Top 10 writer things to do – learn to touch type

I have a lot of friends who write by hand and I know, for some people, that is how they connect with their ‘muse’. There is something enticing about going out to buy a new notebook and knowing that you will fill it with your next story. If that is your thing and you need or enjoy it, that’s fine.

For many others of us, handwriting means cramp in our hand after two pages, never being able to find the right angle to write comfortably, and finding our hand cannot keep up with our brain. If that’s not bad enough we can go back to edit what we clearly remember as being spectacular writing, and we can’t make sense of our messy scribble.

I clearly fall into this latter camp.

I learned to touch type when I was 21. I remember the experience distinctly because my flatmates were paying to do a course that I was too tight to join them in. So from the moment they walked out the door to when they came home, I jumped on the computer and played a touch-typing game. Those few weeks took me from having no idea to a typing speed of about 70 wpm (or 90 if I don’t mind making a few typos).

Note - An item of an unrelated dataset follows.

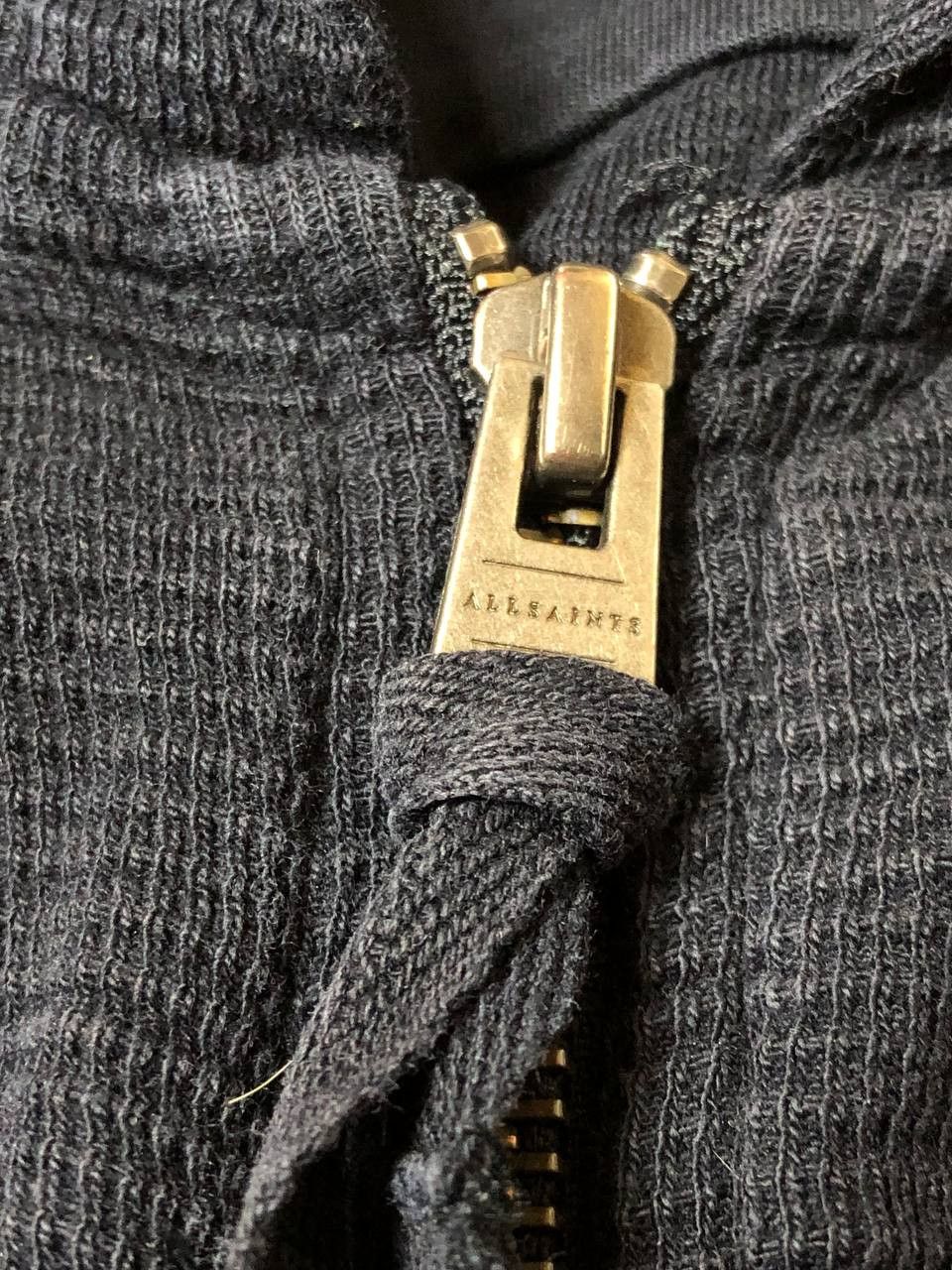 Allsaints × Vintage Vintage Allsaints Washed Zip-up Hoodie Knit Hoody Size US L / EU 52-54 / 3 - 7 Thumbnail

I can type at a far greater speed than I can manually write. When typing, I never find myself having to slow down my thoughts to get it all down. Even better, I don’t need to look at the keys, or even the screen, so I can blur my eyes and actually watch everything happening in my imagination. And when it comes to editing, nothing compares to having a file you can cut and paste, compared to several notebooks of illegible writing (as is the case if I try handwriting).

In the previous two years I have written two novels within a three-month period. I would never have been able to do that if I couldn’t touch type. Also it is one of the most transferrable skills I’ve got. I’ve been able to use typing through all my many and varied careers. I use it every day and often think how grateful I am to my two more cashed-up flatmates for doing the course all those years ago.

I don’t know why everyone doesn’t learn to touch type, but especially authors. Even if you write by hand, eventually you have to transfer it to a digital format. Yes, you may be able to get quite a good speed up with your three-finger method, but if you are that quick with three fingers, I can almost guarantee you will be even faster if you use all your fingers (and don’t need to watch where they go).